Perhaps we should spend less time picking the speck of wood out of the Curia’s eye and more time picking the beam out of our own eyes and therefore be more open to accepting the teachings of Christ’s Church.
The ‘New’ Evangelisation
Dear Father Editor,
I enjoyed Mgr Barltrop’s review of the book The New Evangelisation: Responding to the Challenge of Indifference. It goes without saying that one should not overlook Archbishop Fisichella’s insights into evangelising modalities – not just because he is President of the Pontifical Council for the New Evangelisation but because it is widely understood, especially inside the Vatican, that both he and Cardinal Ratzinger, as he then was, mostly authored the encyclical Fides et Ratio (aka “Fisichella and Ratzinger”)
However, Mgr Barltrop is right to point out the omission in Fisichella’s analysis of the outstanding survey of the “waves of evangelisation in history” by Raniero Cantalamessa.
Furthermore, there is a need to acknowledge some background to the phrase “New Evangelisation” itself so as to better resolve the “conundrum” that Mgr Barltrop describes as something Fisichella’s book is aware of.
The phrase originates from various translations of a phrase from Paul VI’s Evangelii Nuntiandi which is rendered in English as “a new period of evangelisation”. Other translations also use the word “new”, for example the Spanish “tiempos nuevos de evangelisacion”, and the Italian “nuovi tempi d’evangelizzazione”. The editio typica, however has: “feliciora evangelisationis tempora”. Thus the Latin does not use the typical word for new, “nova”. Instead, it uses “feliciora”, so the phrase translates more literally as “an abundant season of evangelisation”.
Mgr Brian Bransfield, an assistant general secretary to the US Bishops Conference has written in his book The Dignity of the Human Person According to John Paul II that “feliciora comes from felix, or happy.

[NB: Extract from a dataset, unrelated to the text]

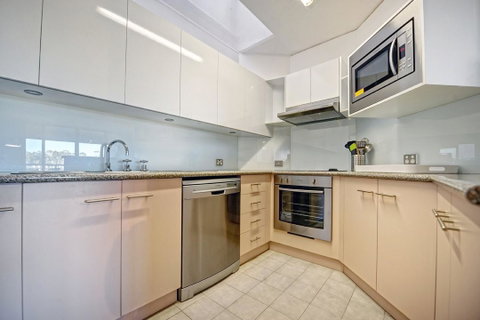 Charlesworth Bay Beach Resort - Accommodation Yamba 17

Feliciora connotes abundance, something that is nobler, propitious, flourishing, more auspicious, fortunate, or bountiful in an agricultural sense.”
The choice of the Latin word, he indicates, shows how the new evangelisation is new. The new is not opposite what was in the past, or opposite “old”. The new is not synonymous with contemporary or current. Rather, he states, “the new evangelisation is new in the sense that evangelisation is to be a noble, bountiful, flourishing and of abundance. While the word new is a suitable adjective for evangelisation, the quality of the newness should be understood in the sense of feliciora.”

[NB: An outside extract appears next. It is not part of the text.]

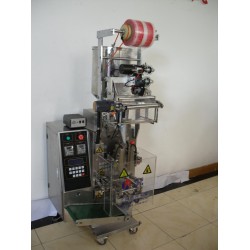 液體包裝機，膏體包裝機，小袋包裝機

Joseph Ratzinger in Co Workers of the Truth, under the entry for 9 December, states: “Mary is figure image and model for the Church. By gazing on her the Church is prevented from conveying a one-sided male image that reduces her to an instrument of socio-political action programmes.” And this is the context in which the Pope refers to Christian families open to life as “a key agent in the New Evangelisation”.
Mary educated Jesus in the human love he poured out towards others by her example. This makes sense when we consider the Greek for “favoured one”: kecharitomene – which is difficult to translate in to English, but which means overflowing with grace to such an extent that it is like a fountain within a fountain.
Kecharitomene is like a superlative placed upon a superlative. No wonder, then, that Blessed John Paul II called Mary the “Star of the New Evangelisation”.
If we are not wholly Marian our evangelisation cannot be “new” and the domestic church is called to embody this dynamic most of all.